§ PROBLEM
Beginning at the line with "Hotel Oyo 30708 United 21", please repeat each line exactly through the end of the records below, including that first line and the last, but no pictures.

•••••

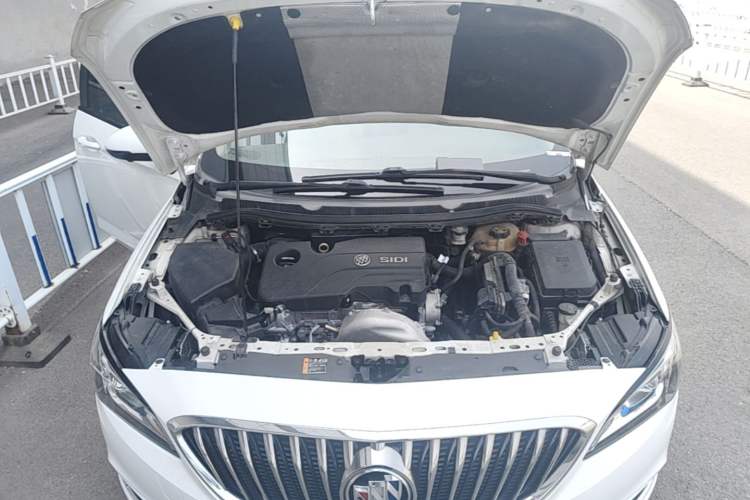 Used Buick Verano 2017 Sedan 15S Automatic Leading Model Engine Bay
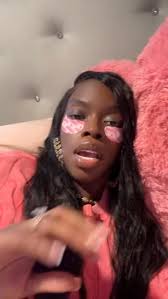 As a Latina who speaks Spanish and is an Eagles fan, this video is the  highlight of my day 😂😂😂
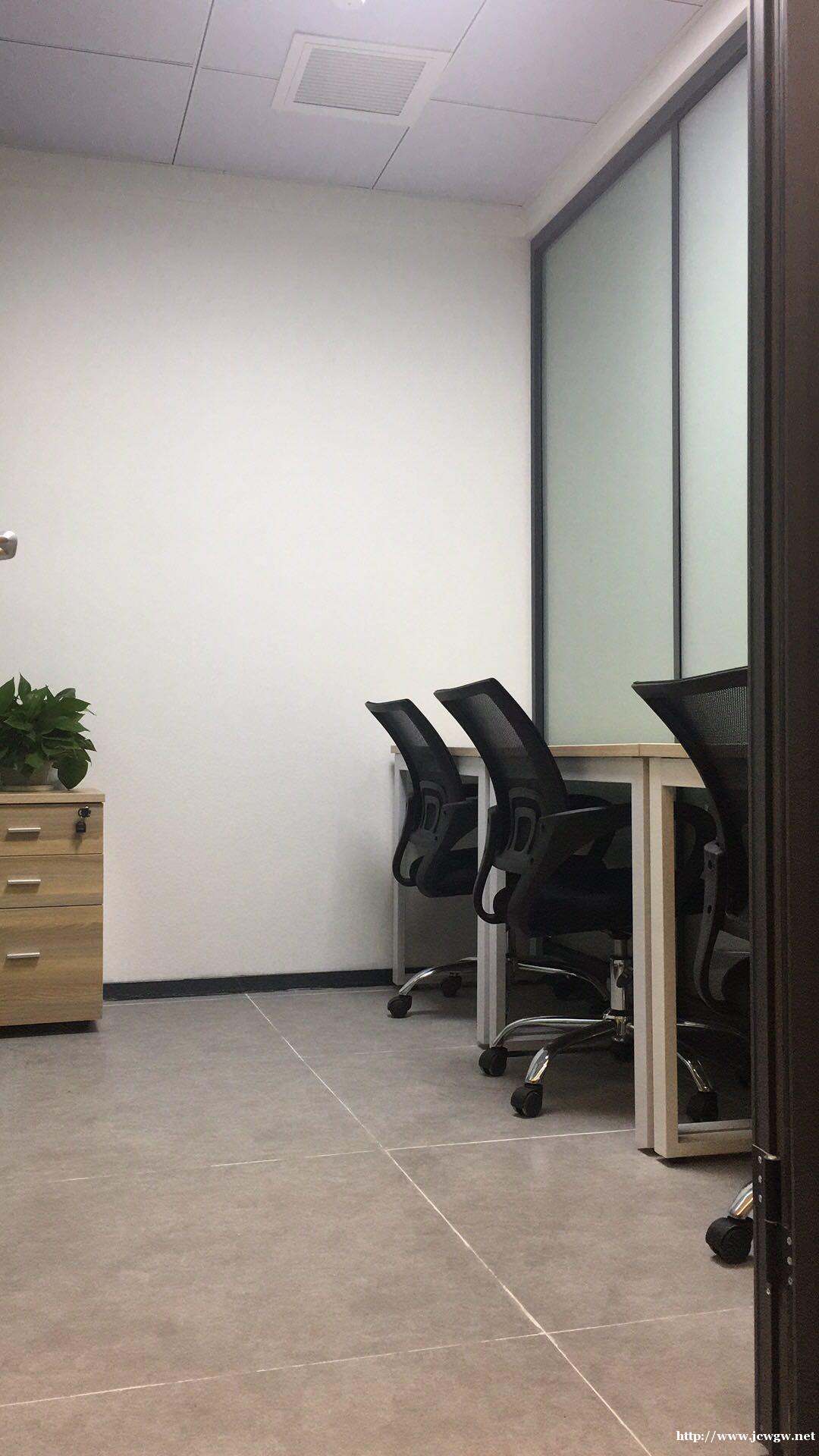 前海秘书处精装10至100平办公室出租或红本挂靠地址托管 前海秘书处精装10至100平办公室出租或红本挂靠地址托管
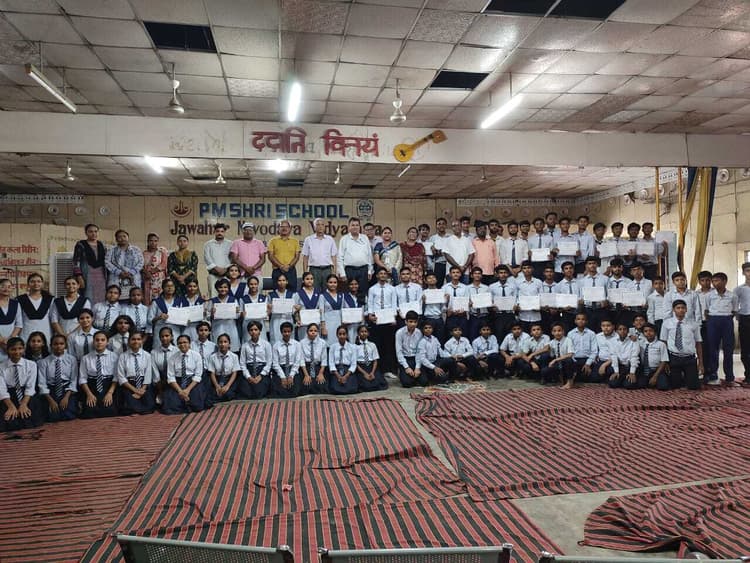Samastipur : छात्र-छात्राओं के बीच प्रमाण पत्र का किया गया वितरण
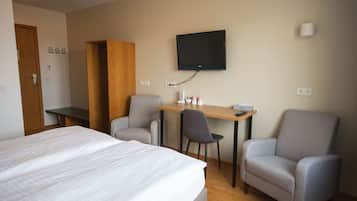 Standard Double or Twin Room, Private Bathroom | Desk, laptop workspace, blackout curtains, rollaway beds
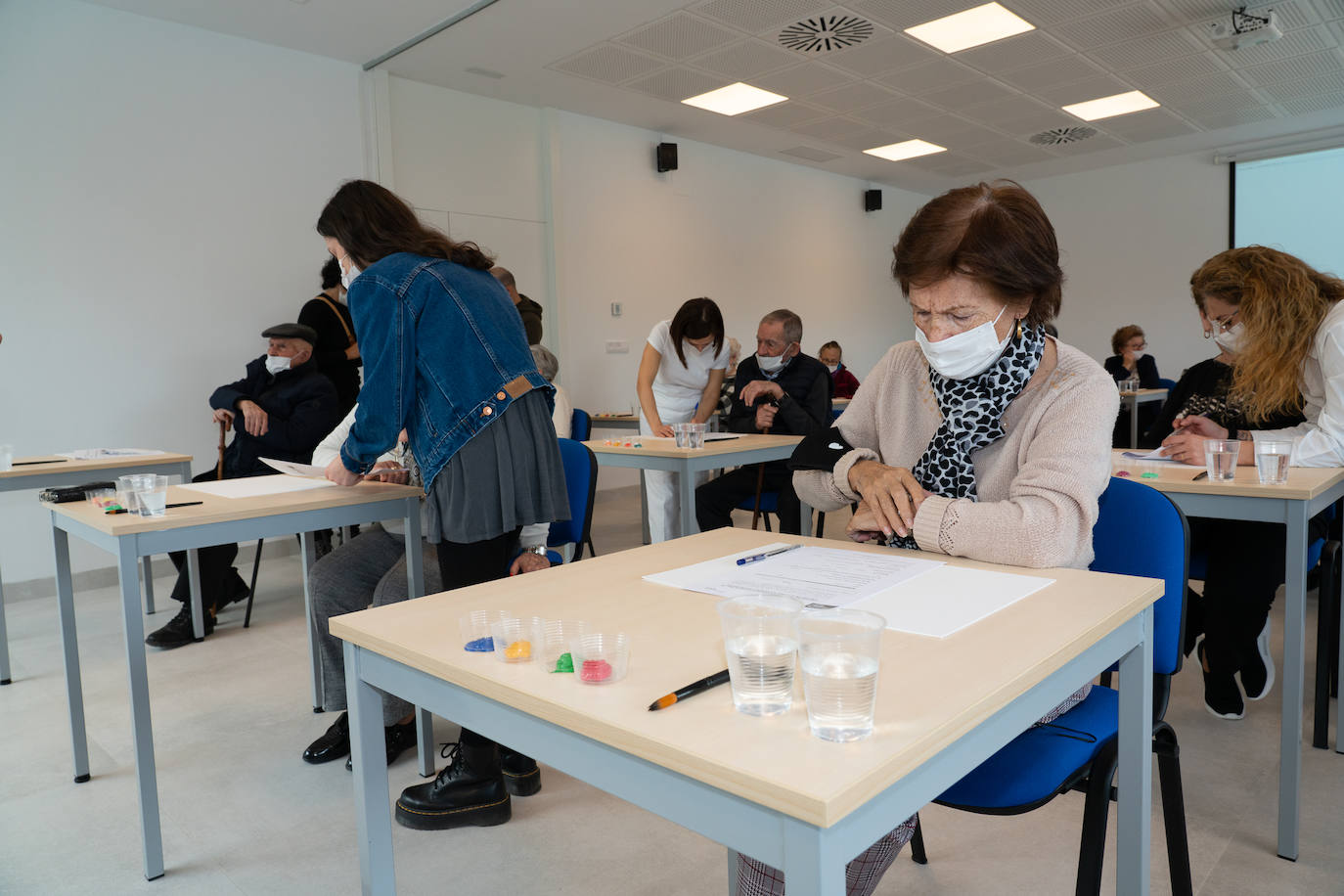 Arte para estimular a las personas que sufren deterioro cognitivo en Lorca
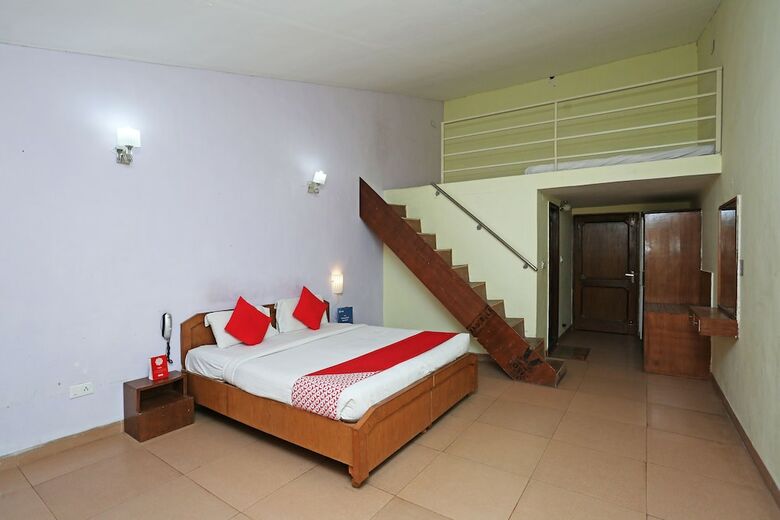 Hotel Oyo 30708 United 21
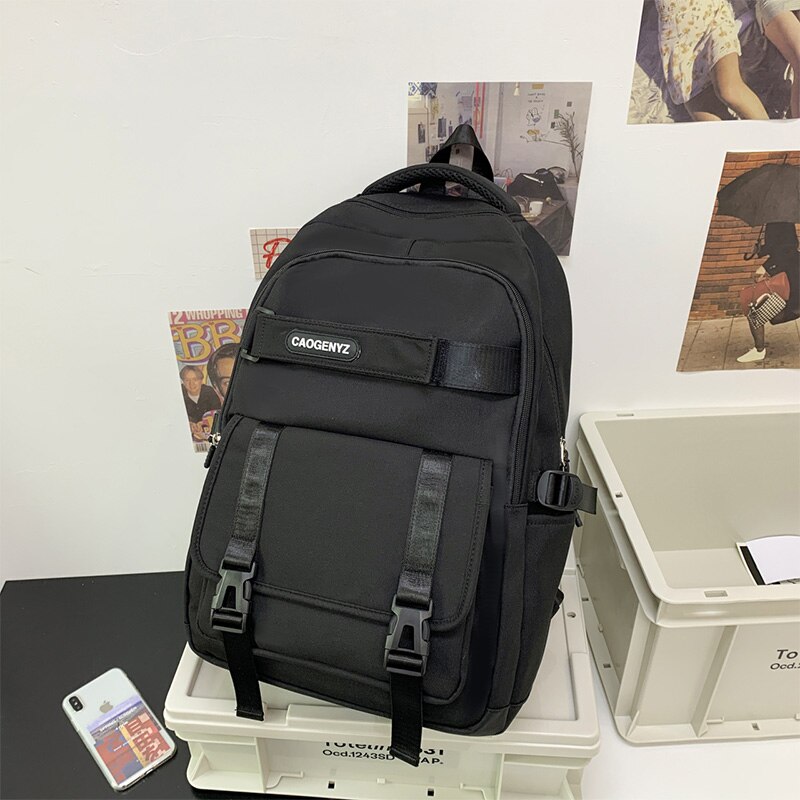 Schwarzer unisex-rucksack aus wasserdichtem nylon mit großem fassungsvermögen #39 ideal als reiserucksack für damen, laptoptasche für #39 oder schulrucksack für #39 .: Schwarz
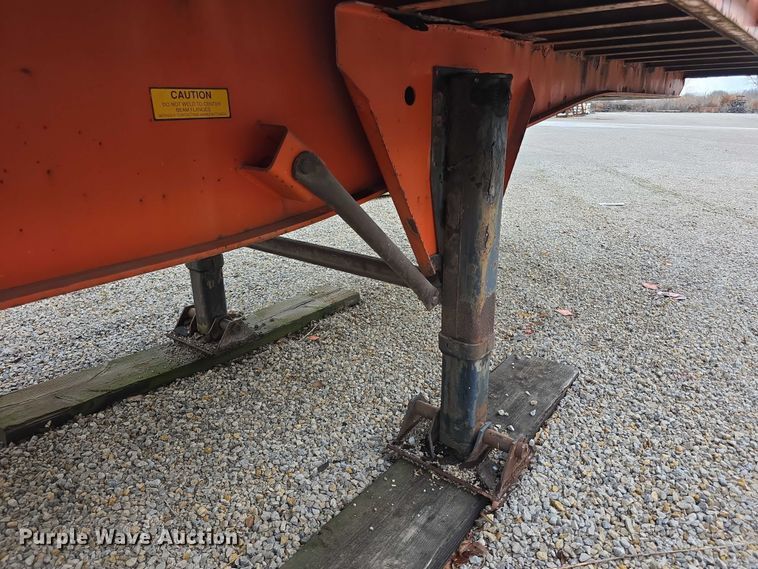 image for item FI0670 2001 Wabash flatbed trailer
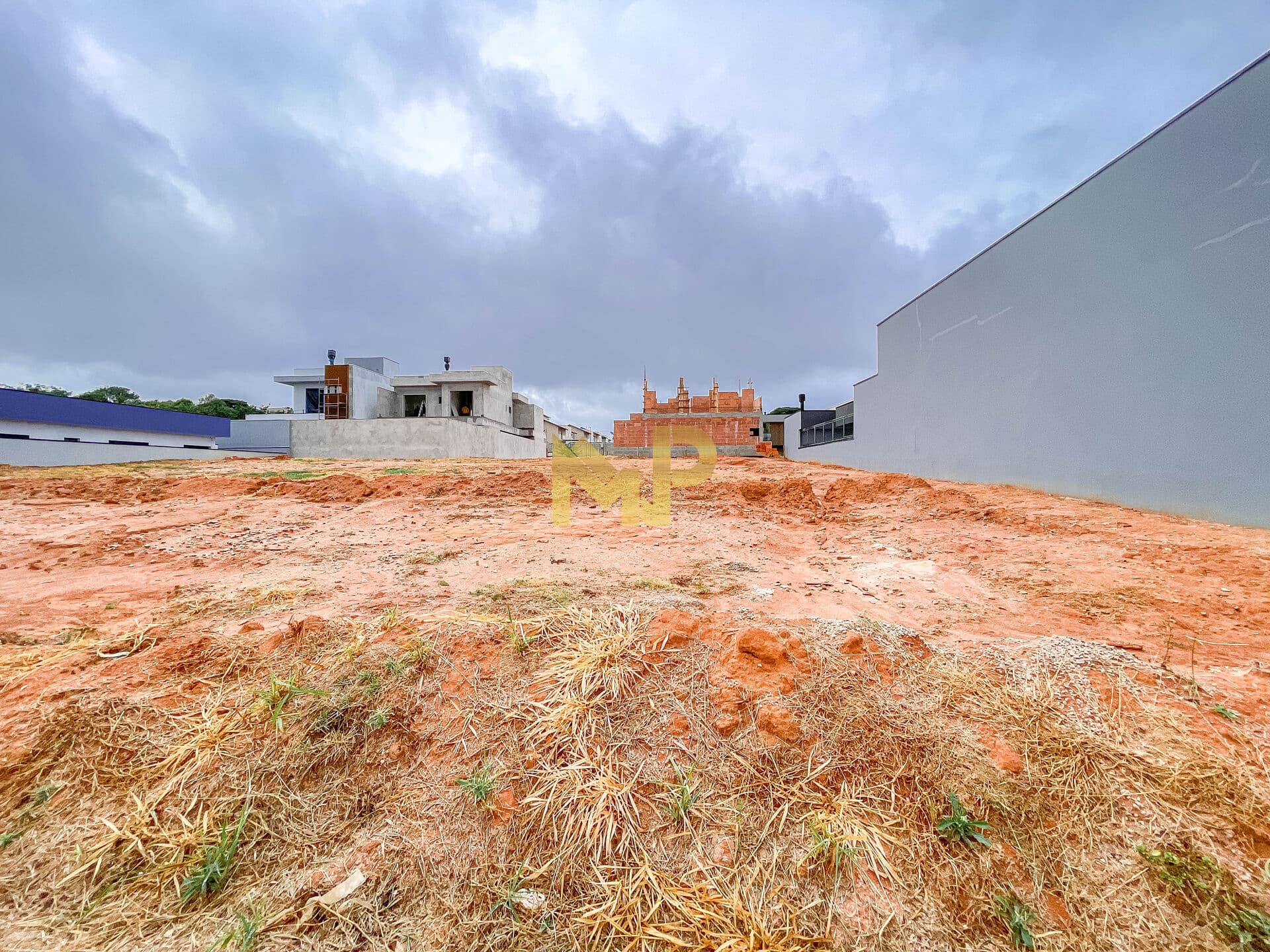 Lote à venda no Condomínio Campos de Medeiros / Jundiaí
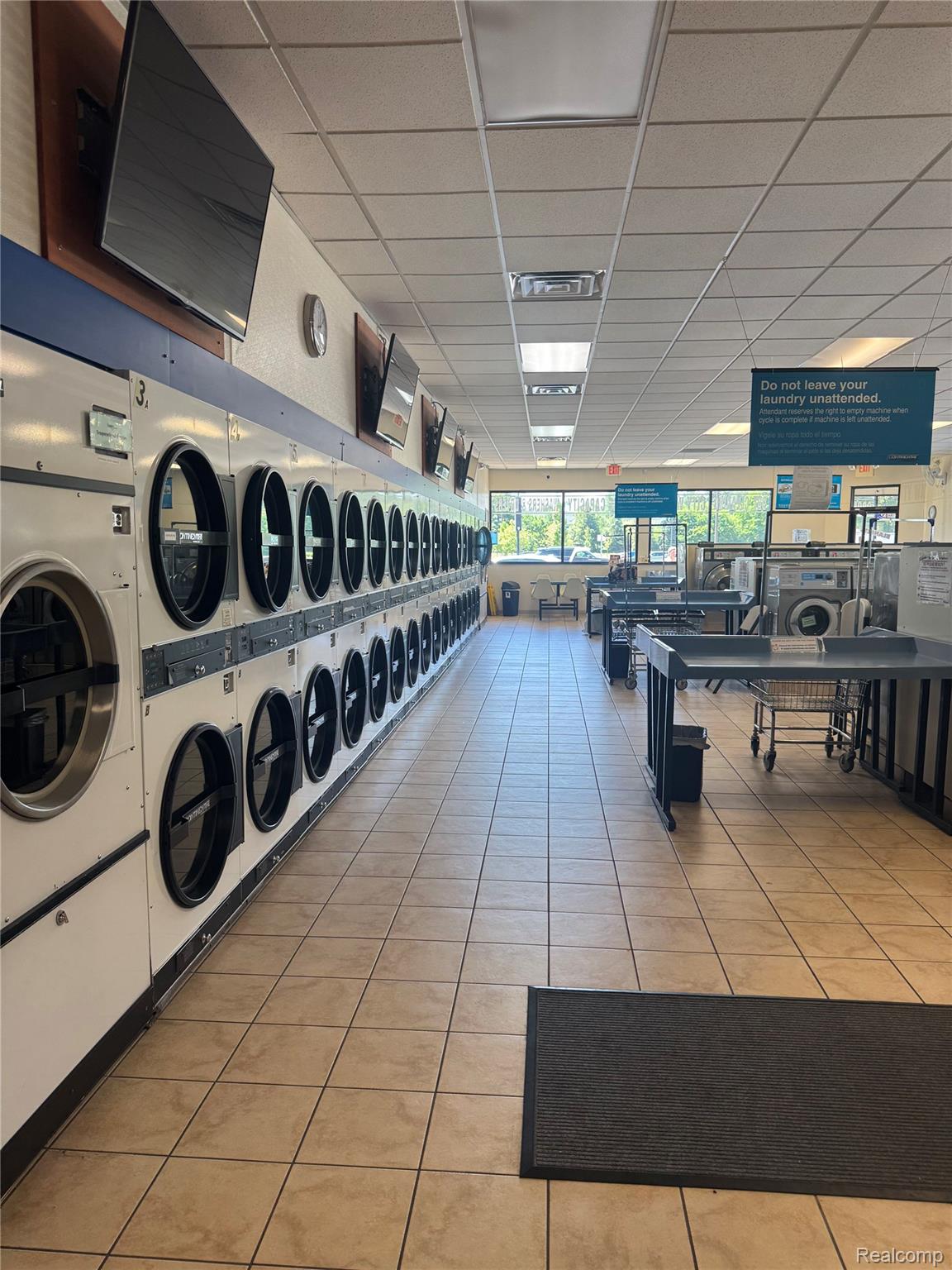 1751 E West Maple Rd Road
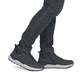 Dunkelblau-schwarze Rieker Herren Schnürstiefel 06003-14 mit Reißverschluss. Schuh am Fuß.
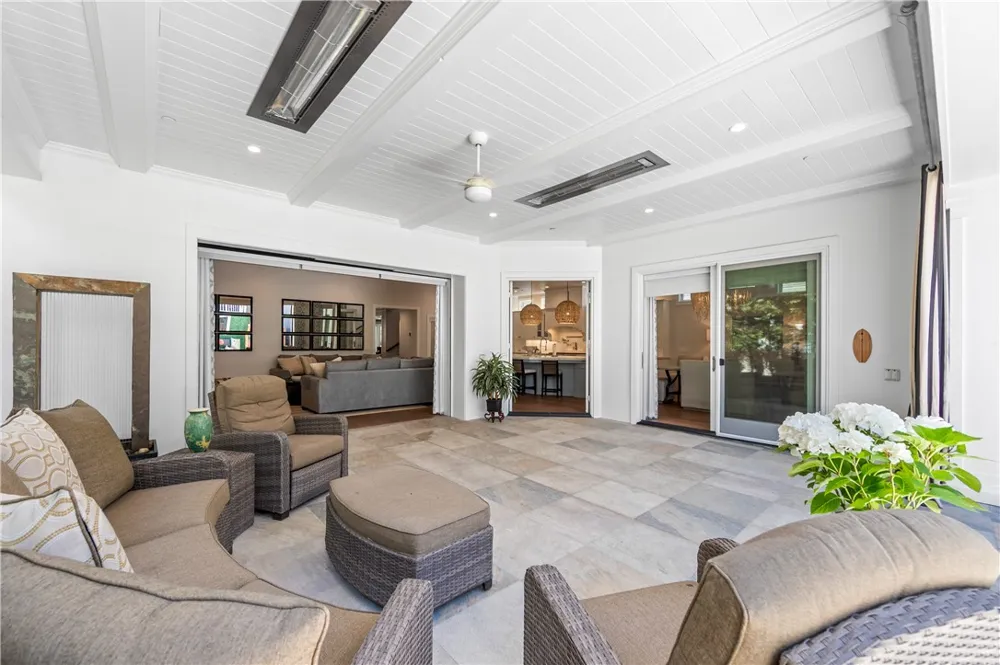817 Main Street Huntington Beach, CA 92648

•••••

§ SOLUTION FOR THIS TASK
 Hotel Oyo 30708 United 21
 Schwarzer unisex-rucksack aus wasserdichtem nylon mit großem fassungsvermögen #39 ideal als reiserucksack für damen, laptoptasche für #39 oder schulrucksack für #39 .: Schwarz
 image for item FI0670 2001 Wabash flatbed trailer
 Lote à venda no Condomínio Campos de Medeiros / Jundiaí
 1751 E West Maple Rd Road
 Dunkelblau-schwarze Rieker Herren Schnürstiefel 06003-14 mit Reißverschluss. Schuh am Fuß.
817 Main Street Huntington Beach, CA 92648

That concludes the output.